■ **WORK TO BE COMPLETED**
In the records below, find the line that contains "SPECIAL TREATMENT?: Janet" and the line that contains "Im Mirow 度假居 Granzow". Set down exactly those lines and every line between them, and nothing more.

■ **GIVEN DATA**

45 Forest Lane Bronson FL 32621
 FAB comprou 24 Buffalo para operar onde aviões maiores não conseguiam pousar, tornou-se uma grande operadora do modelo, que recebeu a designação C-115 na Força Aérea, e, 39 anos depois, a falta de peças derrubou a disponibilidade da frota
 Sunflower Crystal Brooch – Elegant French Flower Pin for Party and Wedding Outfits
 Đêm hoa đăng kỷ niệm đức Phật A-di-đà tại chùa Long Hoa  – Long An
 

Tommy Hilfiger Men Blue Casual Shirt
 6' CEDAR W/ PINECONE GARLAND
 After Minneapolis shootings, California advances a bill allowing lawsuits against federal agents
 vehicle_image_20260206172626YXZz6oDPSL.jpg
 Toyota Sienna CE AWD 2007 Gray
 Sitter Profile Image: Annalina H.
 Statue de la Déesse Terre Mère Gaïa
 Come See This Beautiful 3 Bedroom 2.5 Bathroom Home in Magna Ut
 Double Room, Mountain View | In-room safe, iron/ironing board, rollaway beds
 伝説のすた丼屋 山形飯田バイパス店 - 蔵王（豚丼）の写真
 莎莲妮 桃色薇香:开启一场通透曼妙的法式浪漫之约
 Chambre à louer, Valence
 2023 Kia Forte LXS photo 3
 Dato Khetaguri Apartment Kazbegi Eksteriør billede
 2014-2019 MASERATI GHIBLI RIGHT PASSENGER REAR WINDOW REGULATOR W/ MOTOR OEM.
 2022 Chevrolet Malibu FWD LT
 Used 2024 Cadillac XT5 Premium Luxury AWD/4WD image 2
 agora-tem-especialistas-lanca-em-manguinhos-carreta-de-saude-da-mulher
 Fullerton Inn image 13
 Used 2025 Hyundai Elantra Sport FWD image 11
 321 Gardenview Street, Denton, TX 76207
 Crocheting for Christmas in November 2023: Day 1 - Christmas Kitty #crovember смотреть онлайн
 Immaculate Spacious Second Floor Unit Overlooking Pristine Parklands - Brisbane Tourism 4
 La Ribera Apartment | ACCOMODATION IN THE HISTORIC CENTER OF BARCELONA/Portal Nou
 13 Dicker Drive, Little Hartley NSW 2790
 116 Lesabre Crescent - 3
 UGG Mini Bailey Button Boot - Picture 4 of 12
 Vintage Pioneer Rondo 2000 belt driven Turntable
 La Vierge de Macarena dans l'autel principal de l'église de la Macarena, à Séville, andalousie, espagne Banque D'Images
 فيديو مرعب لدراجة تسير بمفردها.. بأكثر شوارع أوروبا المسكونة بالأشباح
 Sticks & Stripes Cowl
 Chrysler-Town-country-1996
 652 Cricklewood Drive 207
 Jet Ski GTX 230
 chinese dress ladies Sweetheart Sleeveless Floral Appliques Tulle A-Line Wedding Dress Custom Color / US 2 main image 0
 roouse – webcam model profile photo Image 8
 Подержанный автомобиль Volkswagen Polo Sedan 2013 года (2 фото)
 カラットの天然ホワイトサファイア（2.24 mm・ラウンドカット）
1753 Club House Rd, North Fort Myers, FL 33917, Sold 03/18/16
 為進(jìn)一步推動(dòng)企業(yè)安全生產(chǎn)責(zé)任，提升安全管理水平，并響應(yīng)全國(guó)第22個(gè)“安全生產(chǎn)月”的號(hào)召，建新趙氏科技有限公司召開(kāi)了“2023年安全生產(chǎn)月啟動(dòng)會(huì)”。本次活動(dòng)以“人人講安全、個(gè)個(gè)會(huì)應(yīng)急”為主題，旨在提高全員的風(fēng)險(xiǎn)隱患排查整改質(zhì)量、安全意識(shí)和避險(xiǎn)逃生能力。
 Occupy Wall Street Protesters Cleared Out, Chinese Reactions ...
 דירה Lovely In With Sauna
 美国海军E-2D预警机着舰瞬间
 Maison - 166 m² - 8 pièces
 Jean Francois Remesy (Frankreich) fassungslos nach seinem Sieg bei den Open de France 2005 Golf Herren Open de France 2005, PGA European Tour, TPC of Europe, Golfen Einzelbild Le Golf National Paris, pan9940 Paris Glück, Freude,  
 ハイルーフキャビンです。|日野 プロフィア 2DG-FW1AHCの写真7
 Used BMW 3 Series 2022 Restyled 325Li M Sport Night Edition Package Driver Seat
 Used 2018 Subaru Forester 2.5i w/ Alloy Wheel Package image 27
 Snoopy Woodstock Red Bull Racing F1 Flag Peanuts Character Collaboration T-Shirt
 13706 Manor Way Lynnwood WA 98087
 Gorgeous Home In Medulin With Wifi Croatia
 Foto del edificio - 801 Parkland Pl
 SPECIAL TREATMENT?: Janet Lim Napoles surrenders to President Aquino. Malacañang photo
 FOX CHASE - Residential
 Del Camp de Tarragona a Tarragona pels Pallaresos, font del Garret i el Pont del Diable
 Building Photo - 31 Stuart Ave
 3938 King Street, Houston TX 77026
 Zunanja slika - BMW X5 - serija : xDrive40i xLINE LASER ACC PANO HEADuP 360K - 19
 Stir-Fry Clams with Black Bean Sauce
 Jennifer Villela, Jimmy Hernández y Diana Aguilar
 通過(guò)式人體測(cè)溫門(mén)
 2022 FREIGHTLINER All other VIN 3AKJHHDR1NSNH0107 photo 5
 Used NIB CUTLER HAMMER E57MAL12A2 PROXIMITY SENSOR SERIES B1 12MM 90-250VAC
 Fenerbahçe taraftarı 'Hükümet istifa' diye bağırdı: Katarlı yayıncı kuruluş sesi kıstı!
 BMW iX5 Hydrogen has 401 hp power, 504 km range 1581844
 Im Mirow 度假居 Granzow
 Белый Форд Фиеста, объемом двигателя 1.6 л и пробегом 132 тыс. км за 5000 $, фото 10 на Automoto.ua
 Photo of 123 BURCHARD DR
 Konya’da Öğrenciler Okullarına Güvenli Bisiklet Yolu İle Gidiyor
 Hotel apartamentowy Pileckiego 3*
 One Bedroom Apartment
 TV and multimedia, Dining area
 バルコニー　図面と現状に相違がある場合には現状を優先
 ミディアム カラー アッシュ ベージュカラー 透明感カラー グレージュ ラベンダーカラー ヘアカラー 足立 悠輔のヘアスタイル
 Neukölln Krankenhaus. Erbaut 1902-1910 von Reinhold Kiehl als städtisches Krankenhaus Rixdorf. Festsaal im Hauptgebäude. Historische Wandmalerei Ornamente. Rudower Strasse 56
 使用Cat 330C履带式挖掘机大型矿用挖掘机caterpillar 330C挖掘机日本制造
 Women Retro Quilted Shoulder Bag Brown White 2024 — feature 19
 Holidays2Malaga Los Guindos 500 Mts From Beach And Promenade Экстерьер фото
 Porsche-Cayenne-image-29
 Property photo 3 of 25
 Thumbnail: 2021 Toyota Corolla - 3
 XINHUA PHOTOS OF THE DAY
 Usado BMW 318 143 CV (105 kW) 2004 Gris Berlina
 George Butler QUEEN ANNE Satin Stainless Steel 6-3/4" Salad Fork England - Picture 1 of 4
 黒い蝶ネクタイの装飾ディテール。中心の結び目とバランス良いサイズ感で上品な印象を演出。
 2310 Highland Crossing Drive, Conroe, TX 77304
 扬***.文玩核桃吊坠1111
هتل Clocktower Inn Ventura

■ **WRITTEN REPLY**
 SPECIAL TREATMENT?: Janet Lim Napoles surrenders to President Aquino. Malacañang photo
 FOX CHASE - Residential
 Del Camp de Tarragona a Tarragona pels Pallaresos, font del Garret i el Pont del Diable
 Building Photo - 31 Stuart Ave
 3938 King Street, Houston TX 77026
 Zunanja slika - BMW X5 - serija : xDrive40i xLINE LASER ACC PANO HEADuP 360K - 19
 Stir-Fry Clams with Black Bean Sauce
 Jennifer Villela, Jimmy Hernández y Diana Aguilar
 通過(guò)式人體測(cè)溫門(mén)
 2022 FREIGHTLINER All other VIN 3AKJHHDR1NSNH0107 photo 5
 Used NIB CUTLER HAMMER E57MAL12A2 PROXIMITY SENSOR SERIES B1 12MM 90-250VAC
 Fenerbahçe taraftarı 'Hükümet istifa' diye bağırdı: Katarlı yayıncı kuruluş sesi kıstı!
 BMW iX5 Hydrogen has 401 hp power, 504 km range 1581844
 Im Mirow 度假居 Granzow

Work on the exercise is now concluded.